• Your instructions:
Take the entries below and print only the lines from the one with "Stretched Canvas Print" through the one with "Bird in the", exactly as they stand, both ends included.

• Source data:

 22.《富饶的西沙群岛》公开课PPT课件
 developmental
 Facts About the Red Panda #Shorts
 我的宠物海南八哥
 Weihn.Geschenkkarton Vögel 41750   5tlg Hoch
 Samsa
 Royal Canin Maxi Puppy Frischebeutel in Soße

* * *

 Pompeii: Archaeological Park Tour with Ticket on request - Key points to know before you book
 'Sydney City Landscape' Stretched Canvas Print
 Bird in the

• Solution to the exercise:
 'Sydney City Landscape' Stretched Canvas Print
 Bird in the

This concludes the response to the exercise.